The platform from which I'm importing data to R does not support specifying the data type, hence all my columns are character
. I have an Excel file that specifies which columns are factor
, including the relevant labels
and levels
. Now, I'm trying to write a function to dynamically change the data type of various columns of my data.frame
Thanks to the excellent answer to this question (dplyr - mutate: use dynamic variable names), I managed to write the following function, in which I dynamically set the column name to the mutate
function.
readFactorData <- function(filepath) {
t <- read.xlsx(filepath)
sapply(nrow(t), function(i) {
colname <- as.character(t[i, "Item"])
factorLevels <- t[i, 3:ncol(t)][which(!is.na(t[i, 3:ncol(t)]))]
totalLevels <- length(factorLevels)
listOfLabels <- as.character(unlist(factorLevels))
mutate(d, !!colname := factor(d[[colname]], labels=(1:totalLevels), levels=listOfLabels))
# requires dplyr v.0.7+
# the syntax `!!variablename:=` forces evaluation of the variablename before evaluating the rest of the function
})
}
It works, and each iteration returns the entire data frame, with the relevant column (colname
) changed to factor. But, each iteration overwrites the previous, so this function only returns the last result of i
. How do I make sure that I end up with 1 single data frame, in which all the relevant columns are saved?

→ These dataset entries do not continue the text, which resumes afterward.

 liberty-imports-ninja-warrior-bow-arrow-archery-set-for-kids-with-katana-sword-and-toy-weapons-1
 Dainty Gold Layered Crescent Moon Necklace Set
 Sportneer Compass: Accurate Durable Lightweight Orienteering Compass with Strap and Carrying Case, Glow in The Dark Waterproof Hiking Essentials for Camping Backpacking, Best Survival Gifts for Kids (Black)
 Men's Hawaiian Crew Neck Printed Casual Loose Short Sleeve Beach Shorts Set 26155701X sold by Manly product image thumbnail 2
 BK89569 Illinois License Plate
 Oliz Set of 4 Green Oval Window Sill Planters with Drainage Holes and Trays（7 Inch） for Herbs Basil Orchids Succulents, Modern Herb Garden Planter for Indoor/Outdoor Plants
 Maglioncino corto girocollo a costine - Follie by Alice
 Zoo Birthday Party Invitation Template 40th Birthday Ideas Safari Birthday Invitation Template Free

Sample data (make sure to comment out the first line of the function above, since we're defining t
here):
d <- data.frame("id" = sample(100:999, 10), "age" = sample(18:80, 10), "factor1" = c(rep("a", 3), rep("b", 3), rep("c", 4)), "factor2" = c("x","y","y","y","y","x","x","x","x","y"), stringsAsFactors = FALSE)
t <- data.frame("Item" = c("factor1","factor2"), "Label" = c("This is factor 1", "This is factor 2"), "level1" = c("a","x"), "level2" = c("b","y"), "level3" = c("c","NA"))